Artist: Nina Beier
Exhibition title: Auto
Curated by: Sandra Patron and Cédric Fauq
Venue: Capc Musée d’art contemporain de Bordeaux, Bordeaux, France
Date: March 8 – September 8, 2024
Photography: all images copyright and courtesy of the artist and Capc Musée d’art contemporain de Bordeaux
Note: Exhibition booklet is available here
The Capc Musée d’art contemporain de Bordeaux is delighted to present in the great nave a retrospective exhibition of the work of Danish artist Nina Beier (b. 1975), spanning almost twenty years. The artist’s project, entitled “Auto”, is being presented jointly at Capc and Kiasma in Helsinki (Finland). This will be the artist’s first solo exhibition in a French institution.
Marble lions, remote-controlled luxury cars, elephant slides and Royal Chinese porcelain copies are some of the elements that make up the artist’s formal universe. Using objects gleaned from antique stores, private collectors, second hand trading websites and other online platforms, Nina Beier explores the underlying narratives contained in a broad range of generic objects populating our daily lives, some of which we produce, consume and then throw away. Nina Beier’s artistic process consists primarily in researching and selecting these familiar objects for the stories they contain, but also because their very existence is a form of paradox, a contradiction that says something about the values on the basis of which our Western societies construct and represent themselves. These objects are then hijacked, hybridised, juxtaposed with others, to become sculptures that are both familiar and disconcerting, often absurd and strangely disturbing. The marble lions are turned upside down and carry contain milk in their hollows; the remote-controlled cars are filled with natural wigs; the elephant slides spit slates; and the porcelain is caged.

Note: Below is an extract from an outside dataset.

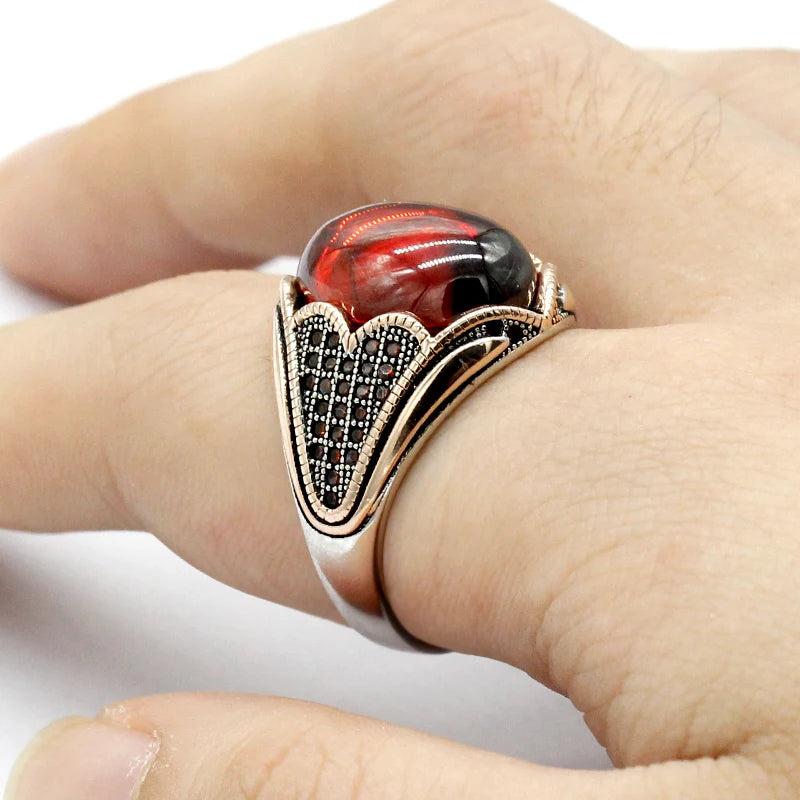 925 Silver Men's Ring Red Garnet Stone Vintage Handmade Turkish Ring for Women Rock Jewelry Christmas Gift for Women Gemstone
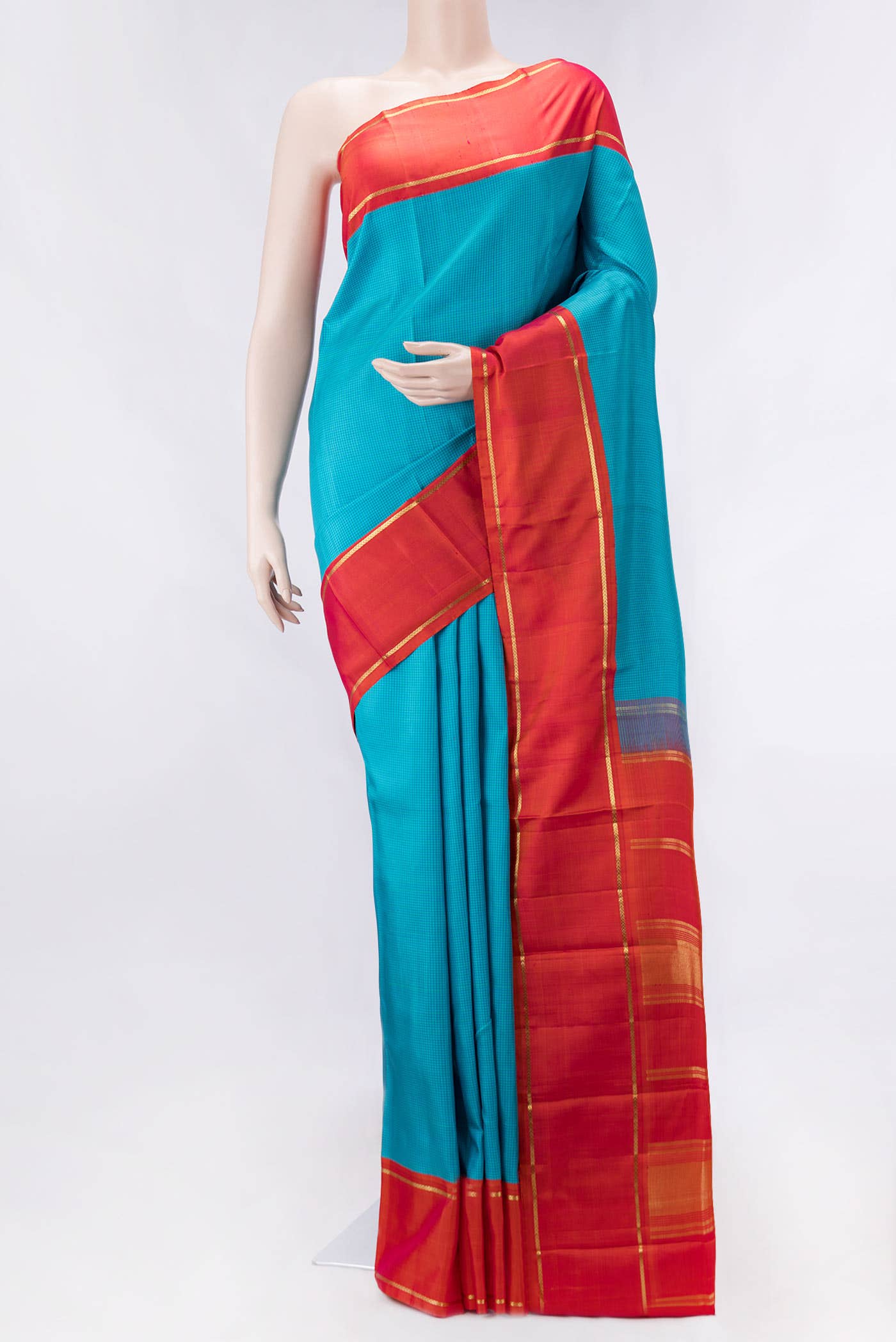 Pure Silk Pure Zari Sky Blue Dual Tone Kanchipuram Saree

For the artist, these objects are paradoxical witnesses to our times, both in terms of the intentions behind them, the signs they conjure up (consciously or unconsciously), and the way in which they are produced, used and traded around the world. Last but not least, the artist explores what the changes in their status over time and geography say about the world we live in. For her series Empire (2019), Nina Beier purchased a collection of porcelain tableware produced by the Danish porcelain manufacturer Royal Copenhagen. The collection clearly echoes Chinese Ming porcelain, which has been coveted for its quality since the 14th century. So much so that the Europeans soon sought to produce their own. But it would take over 400 years before European craftsmen were able to reproduce the Chinese porcelain, pointing to the early tradition of knockoffs production and reversing the perspective on where “the authentic” and “copies” come from.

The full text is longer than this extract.